In an interview, Maroulis said she was first approached about the project in 2018, the same year she had her first life-changing concussion that January. A wrestling partner’s mother was connected to director Dylan Mulick.

Maroulis agreed to the film in part to help spread mental health awareness in sports. Later, she cried while watching the 2020 HBO film, “The Weight of Gold,” on the mental health challenges that other Olympians faced, because it resonated with her so much.

“When you’re going through something, it sometimes gives you an anchor of hope to know that someone’s been through it before, and they’ve overcome it,” she said.

Maroulis’ comeback story hit a crossroads at the Olympic trials in April 2021, where the winner of a best-of-three finals series in each weight class made Team USA.

Maroulis won the opening match against Jenna Burkert, but then lost the second match. Statistically, a wrestler who loses the second match in a best-of-three series usually loses the third. But Maroulis pinned Burkert just 22 seconds into the rubber match to clinch the Olympic spot.

Shen then revealed that she tore an MCL two weeks earlier.

“They told me I would have to be in a brace for six weeks,” she said then. “I said, ‘I don’t have that.

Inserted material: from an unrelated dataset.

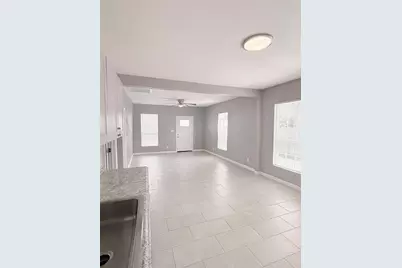 6 Burr Street #1/2, Houston, TX 77011 - Photo 7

I have two and a half.’”

Maroulis said she later asked the director what would have happened if she didn’t make the team for Tokyo. She was told the film still have been done.

“He had mentioned this isn’t about a sports story or sports comeback story,” Maroulis said. “This is about a human story. And we’re using wrestling as the vehicle to tell this story of overcoming and healing and rediscovering oneself.”

Maroulis said she was told that, during filming, the project was pitched to the production company of actor Chris Pratt, who wrestled in high school in Washington. Pratt signed on as a producer.

“Wrestling has made an impact on his life, and so he wants to support these kinds of stories,” said Maroulis, who appeared at last month’s Santa Barbara Film Festival with Pratt.

Pratt said he knew about Maroulis before learning about the film, which he said “needed a little help to get it over the finish line,” according to a public relations company promoting the film.

The film also highlights the rest of the six-woman U.S. Olympic wrestling team in Tokyo. Four of the six won a medal, including Tamyra Mensah-Stock‘s gold.

“I was excited to be part of, not just (Maroulis’) incredible story, but also helping to further advance wrestling and, in particular, female wrestling,” Pratt said, according to responses provided by the PR company from submitted questions. “To me, the most compelling part of Helen’s story is the example of what life looks like after a person wins a gold medal. The inevitable comedown, the trauma around her injuries, the PTSD, the drive to continue that is what makes her who she is.”

Maroulis, who now trains in Arizona, hopes to qualify for this year’s world championships and next year’s Olympics.

“I try to treat every Games as my last,” she said. “Now I’m leaning toward being done [after 2024], but never say never.”